# [What is needed]
Exclude the pictures, then repeat exactly each line from the one containing "A bookshelf with" to the final line of the records that follow.

# [Data to use]

-- -- --

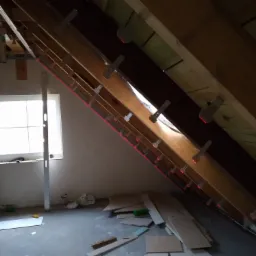 Poddasze w trakcie ocieplania z widoczną konstrukcją drewnianą, laserowo wyznaczonym poziomem, oknem i częściowo ułożoną izolacją.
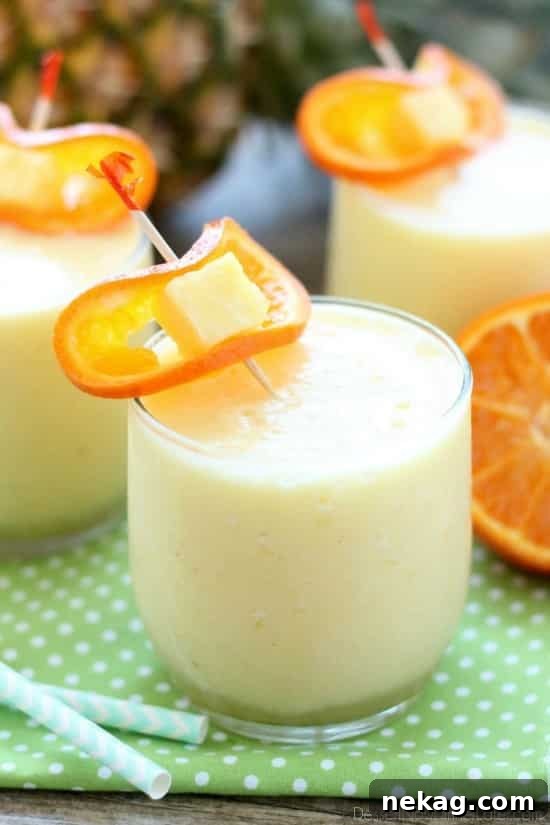 Just add ice to this frothy, sweet, and creamy 4-ingredient summer slush, also called Pineapple Orange Smoothie.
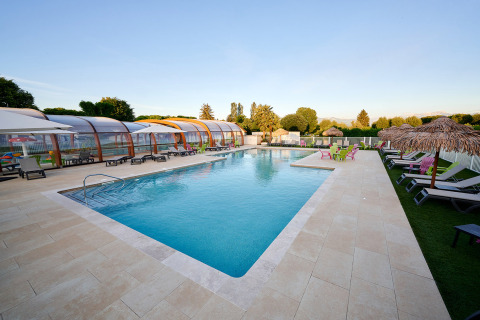 Piscina exterior con tumbonas y sombrillas en Camping Le Coin Tranquille, parque vacacional de Francia.
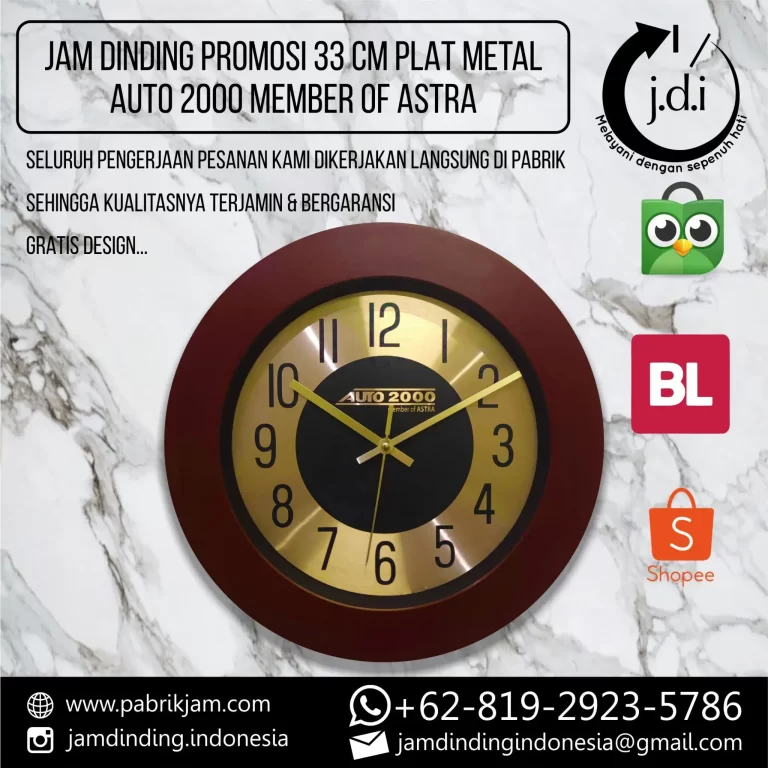 Jam dinding Auto 2000 custom diameter 33 cm dengan plat metal emas dan logo.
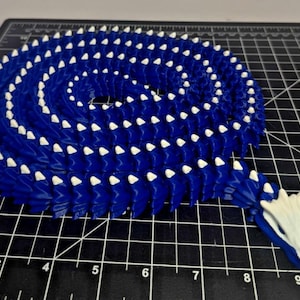 May include: A long, articulated dragon figure coiled in a spiral shape. The body is deep blue with small, white, triangular spikes running along the spine. The head is white with blue accents, and the entire figure rests on a black cutting mat.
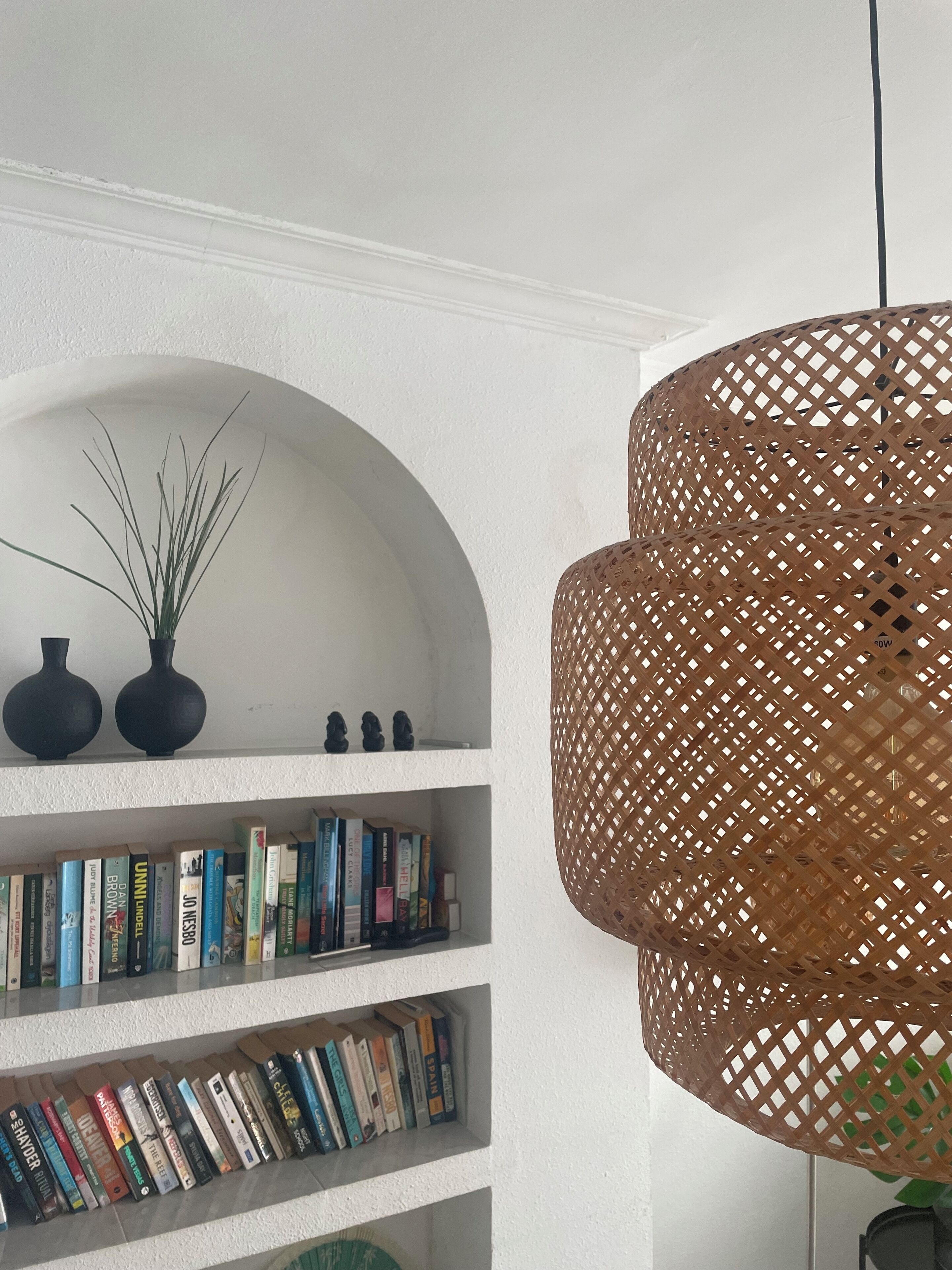 A bookshelf with books and decorative items, a woven pendant light, and a white wall with an arched niche.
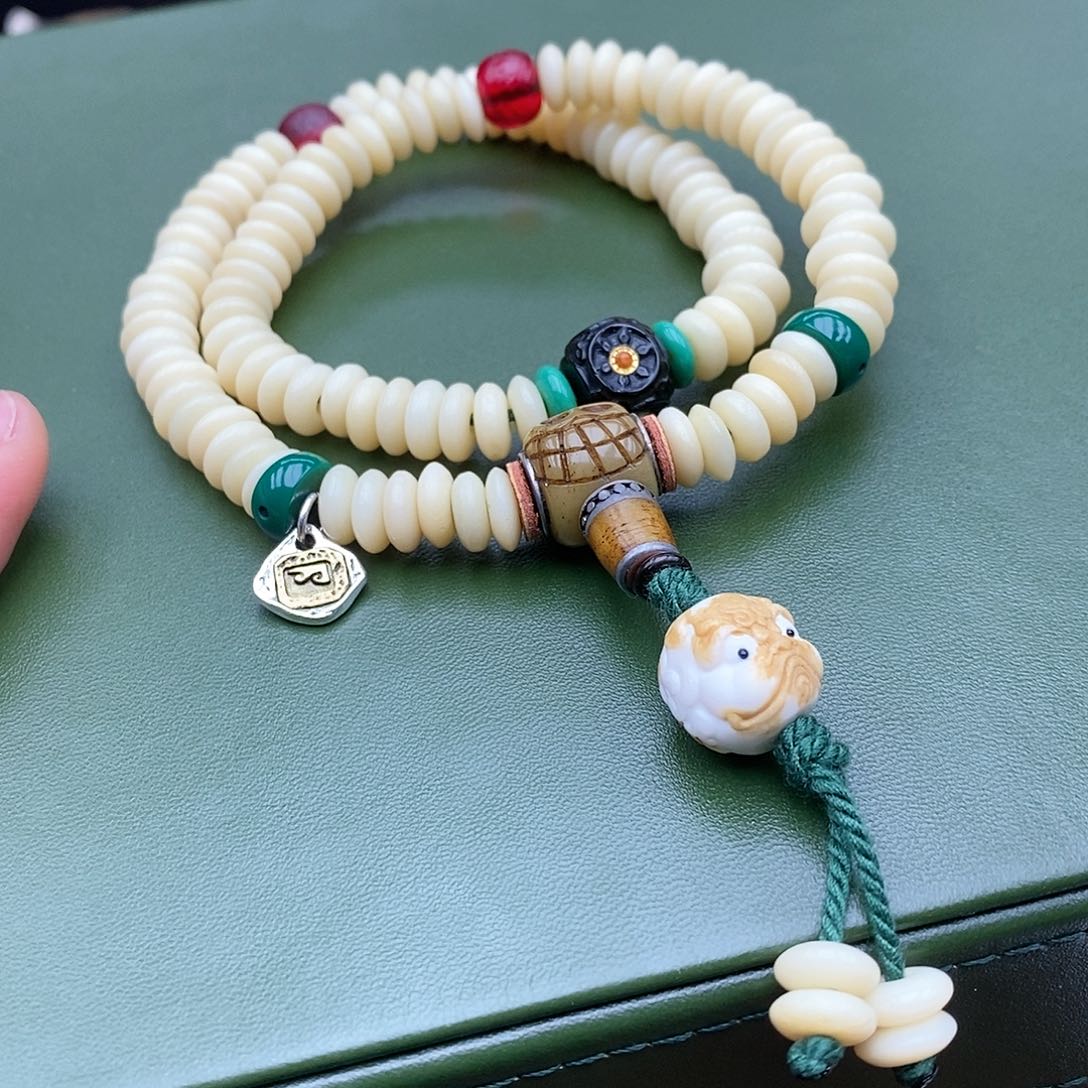 驼骨手串/手链8×3驼骨鸡油黄手持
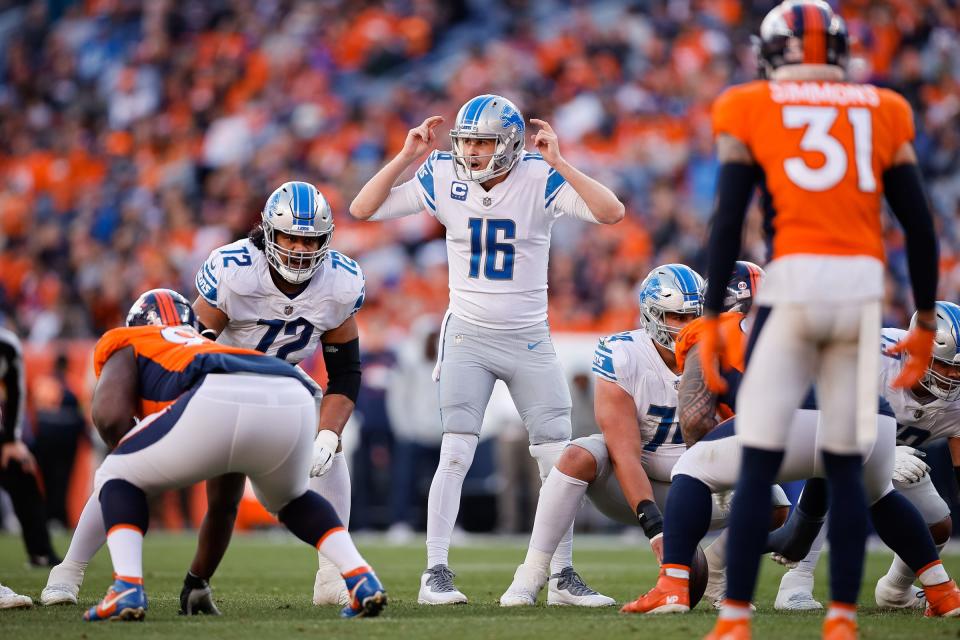 Detroit Lions quarterback Jared Goff (16) gestures at the line of scrimmage with guard Halapoulivaati Vaitai (72) as Denver Broncos safety Justin Simmons (31) looks on in the second quarter at Empower Field at Mile High on Dec. 12, 2021.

-- -- --

# [Answer to the problem]
 A bookshelf with books and decorative items, a woven pendant light, and a white wall with an arched niche.
 驼骨手串/手链8×3驼骨鸡油黄手持
 Detroit Lions quarterback Jared Goff (16) gestures at the line of scrimmage with guard Halapoulivaati Vaitai (72) as Denver Broncos safety Justin Simmons (31) looks on in the second quarter at Empower Field at Mile High on Dec. 12, 2021.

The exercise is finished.